§ **THE PROBLEM**
Once you reach the line that contains "El Niño Could", retype it and every line after it exactly, ending with the last line of the entries.

···

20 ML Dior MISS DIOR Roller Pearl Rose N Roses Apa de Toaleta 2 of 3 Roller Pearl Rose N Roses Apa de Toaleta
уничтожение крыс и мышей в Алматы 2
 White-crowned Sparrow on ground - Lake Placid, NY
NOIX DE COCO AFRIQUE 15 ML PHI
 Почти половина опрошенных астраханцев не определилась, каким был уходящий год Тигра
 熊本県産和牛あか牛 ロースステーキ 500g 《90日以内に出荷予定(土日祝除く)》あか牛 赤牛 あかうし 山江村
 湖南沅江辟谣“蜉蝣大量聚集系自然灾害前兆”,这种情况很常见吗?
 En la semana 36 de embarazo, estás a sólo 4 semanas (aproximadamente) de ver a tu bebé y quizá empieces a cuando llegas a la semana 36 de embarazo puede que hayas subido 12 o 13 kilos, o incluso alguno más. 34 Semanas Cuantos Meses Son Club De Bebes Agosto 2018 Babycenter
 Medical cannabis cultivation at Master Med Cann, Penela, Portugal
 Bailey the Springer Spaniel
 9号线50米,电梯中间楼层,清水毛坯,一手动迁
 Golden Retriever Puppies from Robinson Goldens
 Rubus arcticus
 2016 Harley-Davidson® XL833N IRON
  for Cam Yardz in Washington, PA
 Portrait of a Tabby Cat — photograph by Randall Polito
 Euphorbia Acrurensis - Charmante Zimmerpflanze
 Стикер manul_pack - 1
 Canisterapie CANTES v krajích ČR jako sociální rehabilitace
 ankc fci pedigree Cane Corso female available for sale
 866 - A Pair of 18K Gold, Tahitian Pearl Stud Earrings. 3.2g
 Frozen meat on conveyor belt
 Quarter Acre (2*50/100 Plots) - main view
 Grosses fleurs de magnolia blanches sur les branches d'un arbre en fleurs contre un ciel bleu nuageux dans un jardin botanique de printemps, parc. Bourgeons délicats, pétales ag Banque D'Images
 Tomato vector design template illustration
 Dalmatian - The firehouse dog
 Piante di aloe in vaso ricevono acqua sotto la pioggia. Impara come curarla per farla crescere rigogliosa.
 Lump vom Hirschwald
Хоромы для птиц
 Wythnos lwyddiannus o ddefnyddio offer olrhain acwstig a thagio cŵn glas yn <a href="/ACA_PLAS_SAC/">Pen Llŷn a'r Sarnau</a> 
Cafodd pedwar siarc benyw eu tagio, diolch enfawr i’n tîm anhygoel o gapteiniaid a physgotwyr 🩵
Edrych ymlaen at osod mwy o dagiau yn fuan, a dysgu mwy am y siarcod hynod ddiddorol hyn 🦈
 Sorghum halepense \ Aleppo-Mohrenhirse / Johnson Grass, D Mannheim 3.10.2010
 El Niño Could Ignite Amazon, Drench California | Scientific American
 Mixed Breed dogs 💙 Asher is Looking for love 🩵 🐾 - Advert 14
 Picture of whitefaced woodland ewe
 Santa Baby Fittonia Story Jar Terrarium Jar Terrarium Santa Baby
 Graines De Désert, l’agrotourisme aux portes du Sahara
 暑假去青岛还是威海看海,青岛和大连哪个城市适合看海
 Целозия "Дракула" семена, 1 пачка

···

§ **RESULT FOR THIS TASK**
 El Niño Could Ignite Amazon, Drench California | Scientific American
 Mixed Breed dogs 💙 Asher is Looking for love 🩵 🐾 - Advert 14
 Picture of whitefaced woodland ewe
 Santa Baby Fittonia Story Jar Terrarium Jar Terrarium Santa Baby
 Graines De Désert, l’agrotourisme aux portes du Sahara
 暑假去青岛还是威海看海,青岛和大连哪个城市适合看海
 Целозия "Дракула" семена, 1 пачка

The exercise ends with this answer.